- DATASET
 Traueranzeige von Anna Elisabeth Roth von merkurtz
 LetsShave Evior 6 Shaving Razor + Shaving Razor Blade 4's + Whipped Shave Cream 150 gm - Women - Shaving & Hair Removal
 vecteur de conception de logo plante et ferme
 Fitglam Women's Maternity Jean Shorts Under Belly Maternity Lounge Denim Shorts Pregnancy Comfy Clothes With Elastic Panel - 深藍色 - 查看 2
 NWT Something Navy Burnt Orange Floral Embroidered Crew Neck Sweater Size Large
---
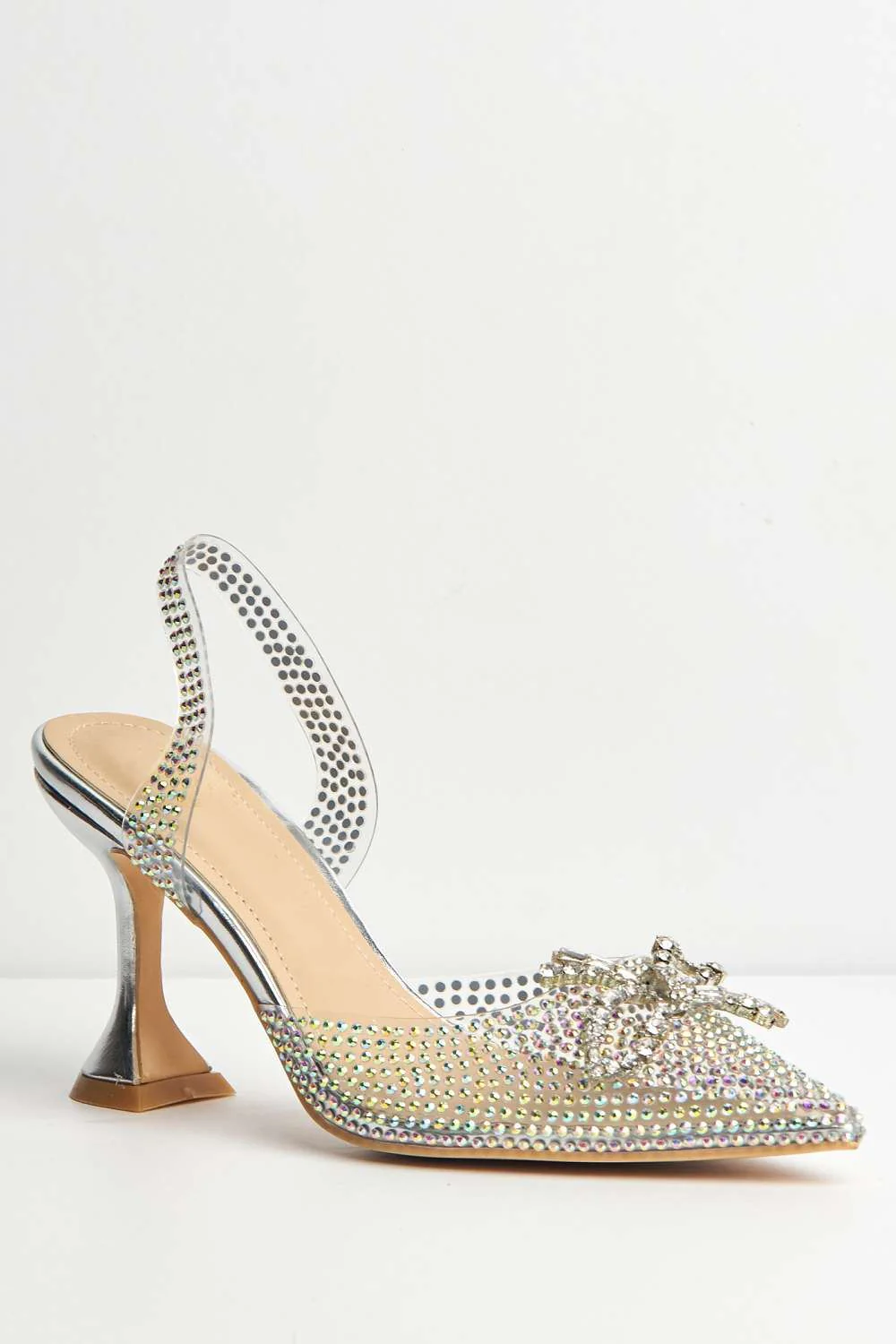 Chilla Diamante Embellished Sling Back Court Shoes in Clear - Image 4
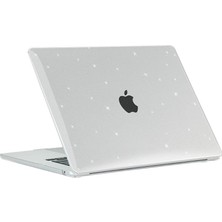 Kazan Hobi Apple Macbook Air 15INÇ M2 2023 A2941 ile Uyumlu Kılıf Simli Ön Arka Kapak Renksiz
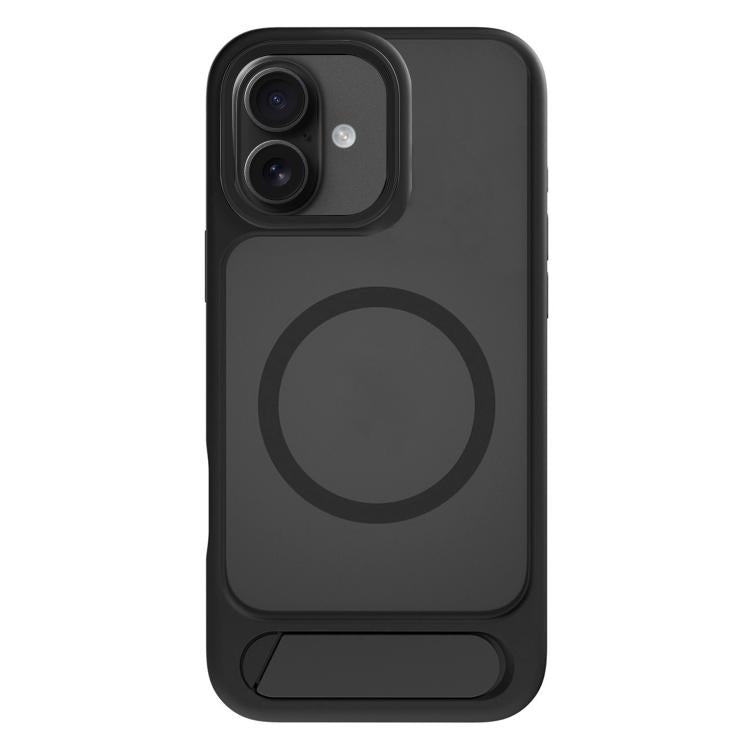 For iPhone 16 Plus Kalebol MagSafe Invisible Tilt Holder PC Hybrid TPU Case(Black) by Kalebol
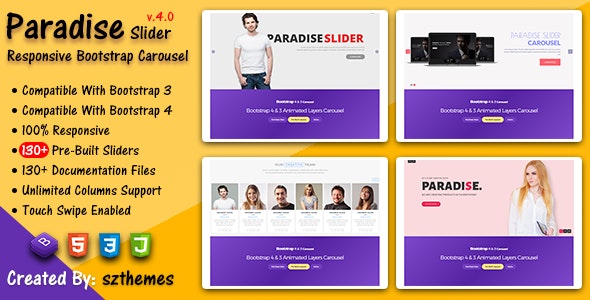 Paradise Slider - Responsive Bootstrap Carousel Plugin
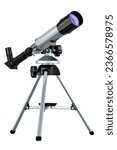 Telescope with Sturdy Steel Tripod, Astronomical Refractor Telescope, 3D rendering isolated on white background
--
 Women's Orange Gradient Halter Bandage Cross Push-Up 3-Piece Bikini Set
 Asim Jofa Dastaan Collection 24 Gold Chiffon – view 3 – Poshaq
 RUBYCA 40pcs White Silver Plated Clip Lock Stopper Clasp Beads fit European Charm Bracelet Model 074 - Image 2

- ABOUT THIS EXERCISE
Only those lines of the entries above that run from the line containing "Traueranzeige von Anna" to the line containing "NWT Something Navy", both included, should be transcribed exactly.

- SOLVED EXERCISE
 Traueranzeige von Anna Elisabeth Roth von merkurtz
 LetsShave Evior 6 Shaving Razor + Shaving Razor Blade 4's + Whipped Shave Cream 150 gm - Women - Shaving & Hair Removal
 vecteur de conception de logo plante et ferme
 Fitglam Women's Maternity Jean Shorts Under Belly Maternity Lounge Denim Shorts Pregnancy Comfy Clothes With Elastic Panel - 深藍色 - 查看 2
 NWT Something Navy Burnt Orange Floral Embroidered Crew Neck Sweater Size Large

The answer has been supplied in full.